> Work to complete
Retype the line with "Thumbnail: 2025 Jeep Compass - 21" in it, then each line after it to the end of the data, word for word.
==== Input ====
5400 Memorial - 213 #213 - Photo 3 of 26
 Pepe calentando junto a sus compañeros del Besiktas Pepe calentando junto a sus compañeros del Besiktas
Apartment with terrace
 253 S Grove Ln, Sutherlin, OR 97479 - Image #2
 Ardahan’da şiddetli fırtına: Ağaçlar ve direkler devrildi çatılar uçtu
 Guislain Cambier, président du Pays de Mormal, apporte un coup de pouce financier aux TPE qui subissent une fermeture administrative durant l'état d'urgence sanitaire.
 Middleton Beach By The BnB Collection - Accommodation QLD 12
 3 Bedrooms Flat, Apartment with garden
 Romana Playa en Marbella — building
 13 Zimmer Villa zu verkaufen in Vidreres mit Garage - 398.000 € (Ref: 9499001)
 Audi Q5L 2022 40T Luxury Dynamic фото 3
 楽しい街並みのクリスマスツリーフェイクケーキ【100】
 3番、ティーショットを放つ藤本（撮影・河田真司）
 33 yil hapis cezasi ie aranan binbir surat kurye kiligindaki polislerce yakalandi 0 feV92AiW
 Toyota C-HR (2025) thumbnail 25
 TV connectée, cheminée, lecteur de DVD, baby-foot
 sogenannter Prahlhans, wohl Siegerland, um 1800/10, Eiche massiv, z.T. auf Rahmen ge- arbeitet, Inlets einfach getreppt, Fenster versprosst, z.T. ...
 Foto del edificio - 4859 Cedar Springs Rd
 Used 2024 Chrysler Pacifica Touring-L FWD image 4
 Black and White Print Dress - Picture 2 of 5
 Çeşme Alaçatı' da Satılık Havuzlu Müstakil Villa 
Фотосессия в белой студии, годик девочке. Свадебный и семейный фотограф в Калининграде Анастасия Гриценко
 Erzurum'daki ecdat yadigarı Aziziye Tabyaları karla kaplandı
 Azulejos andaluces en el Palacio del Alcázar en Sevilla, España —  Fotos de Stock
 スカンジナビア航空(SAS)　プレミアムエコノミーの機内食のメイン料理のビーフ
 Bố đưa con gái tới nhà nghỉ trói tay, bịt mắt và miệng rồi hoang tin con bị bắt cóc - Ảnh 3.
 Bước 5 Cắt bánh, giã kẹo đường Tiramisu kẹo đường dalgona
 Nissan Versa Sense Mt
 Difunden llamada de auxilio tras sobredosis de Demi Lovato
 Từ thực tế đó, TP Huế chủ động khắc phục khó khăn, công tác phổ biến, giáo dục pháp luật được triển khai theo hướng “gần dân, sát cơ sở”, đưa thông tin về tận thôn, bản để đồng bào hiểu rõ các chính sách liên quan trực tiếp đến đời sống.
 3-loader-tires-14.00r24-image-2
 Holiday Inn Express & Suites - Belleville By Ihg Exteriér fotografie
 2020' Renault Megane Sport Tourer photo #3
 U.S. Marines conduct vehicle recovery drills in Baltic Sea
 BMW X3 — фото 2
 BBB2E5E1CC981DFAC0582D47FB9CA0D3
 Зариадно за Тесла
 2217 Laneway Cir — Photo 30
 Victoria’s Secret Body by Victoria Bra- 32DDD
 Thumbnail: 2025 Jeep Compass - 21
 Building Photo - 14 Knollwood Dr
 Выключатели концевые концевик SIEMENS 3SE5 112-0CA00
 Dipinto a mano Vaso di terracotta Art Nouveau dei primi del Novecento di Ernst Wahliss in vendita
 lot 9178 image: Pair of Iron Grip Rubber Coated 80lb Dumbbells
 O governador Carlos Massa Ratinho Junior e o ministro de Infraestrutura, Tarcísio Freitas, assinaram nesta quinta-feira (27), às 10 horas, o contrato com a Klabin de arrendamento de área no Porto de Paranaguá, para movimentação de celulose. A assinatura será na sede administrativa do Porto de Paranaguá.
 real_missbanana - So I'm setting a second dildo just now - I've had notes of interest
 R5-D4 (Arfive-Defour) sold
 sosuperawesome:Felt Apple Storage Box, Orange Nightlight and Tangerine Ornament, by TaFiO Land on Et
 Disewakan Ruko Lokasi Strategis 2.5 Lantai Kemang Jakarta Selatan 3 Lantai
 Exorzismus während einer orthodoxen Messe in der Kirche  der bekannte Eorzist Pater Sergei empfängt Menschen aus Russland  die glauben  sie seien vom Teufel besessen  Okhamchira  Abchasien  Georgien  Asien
====
> Solution to this exercise
 Thumbnail: 2025 Jeep Compass - 21
 Building Photo - 14 Knollwood Dr
 Выключатели концевые концевик SIEMENS 3SE5 112-0CA00
 Dipinto a mano Vaso di terracotta Art Nouveau dei primi del Novecento di Ernst Wahliss in vendita
 lot 9178 image: Pair of Iron Grip Rubber Coated 80lb Dumbbells
 O governador Carlos Massa Ratinho Junior e o ministro de Infraestrutura, Tarcísio Freitas, assinaram nesta quinta-feira (27), às 10 horas, o contrato com a Klabin de arrendamento de área no Porto de Paranaguá, para movimentação de celulose. A assinatura será na sede administrativa do Porto de Paranaguá.
 real_missbanana - So I'm setting a second dildo just now - I've had notes of interest
 R5-D4 (Arfive-Defour) sold
 sosuperawesome:Felt Apple Storage Box, Orange Nightlight and Tangerine Ornament, by TaFiO Land on Et
 Disewakan Ruko Lokasi Strategis 2.5 Lantai Kemang Jakarta Selatan 3 Lantai
 Exorzismus während einer orthodoxen Messe in der Kirche  der bekannte Eorzist Pater Sergei empfängt Menschen aus Russland  die glauben  sie seien vom Teufel besessen  Okhamchira  Abchasien  Georgien  Asien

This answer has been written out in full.